Each year since 2016, a small selection committee reviews hundreds of nominations to determine 10 honorees within five distinct categories: arts, business, community, disruptors and nonprofit.
One of this year’s honorees in the business category was the MSR’s Publisher and CEO Tracey Williams Dillard. Founded by her grandfather Cecil E. Newman in 1934, the MSR is now heading down a digital-first strategy thanks to Dillard’s leadership. “Tracey knows that her work is about more than just the printed word,” said Dr. Antony Stately, co-emcee and executive officer and president of Native American Community Clinic.
Stately, a 2020 recipient of 50 over 50, added, “The MSR has been a trusted source for health information for the Black community during the pandemic.” Stately also recognized the significance of Williams-Dillard founding Sister Spokesman, a monthly event where women of color meet to build their networks, encourage each other, and strengthen their bonds.
In addition to being recognized, honorees received handmade ceramic awards from Juxtaposition Arts, a youth-staffed art and designer center, gallery, retail shop and artists’ studio space located on West Broadway Avenue in North Minneapolis.
Ceramic Lab apprentices Ceci Andrade-Vital, Chloe Vreeland and Isiah Hunger designed and produced the colorful mementos.
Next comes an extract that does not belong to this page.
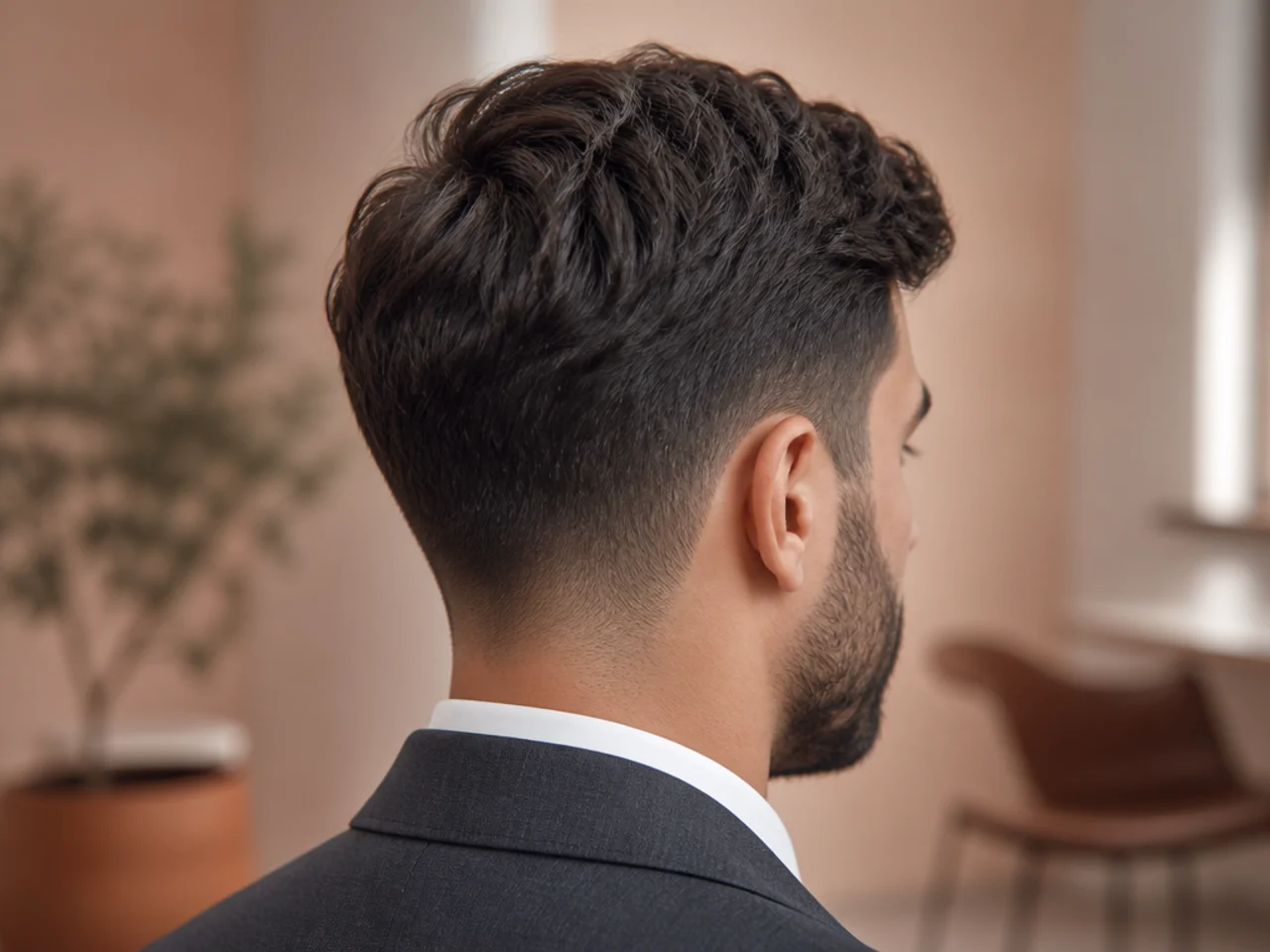 A business haircut at week four of growth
Diane Jarvi, a 2020 Arts honoree and singer, songwriter and poet, added a special reading of her original poem and ode to the power of aging, “Dream the Garden.”
The evening capped off with a social hour, bringing together leaders from across the state, but not before Julie Cohen, engagement and advancement director at Pollen Midwest, shared some final thoughts: “It is not every day that people from diverse backgrounds come together to celebrate. That’s what tonight is all about.”
Cohen added, “The real work happens at the local level, where things get done.”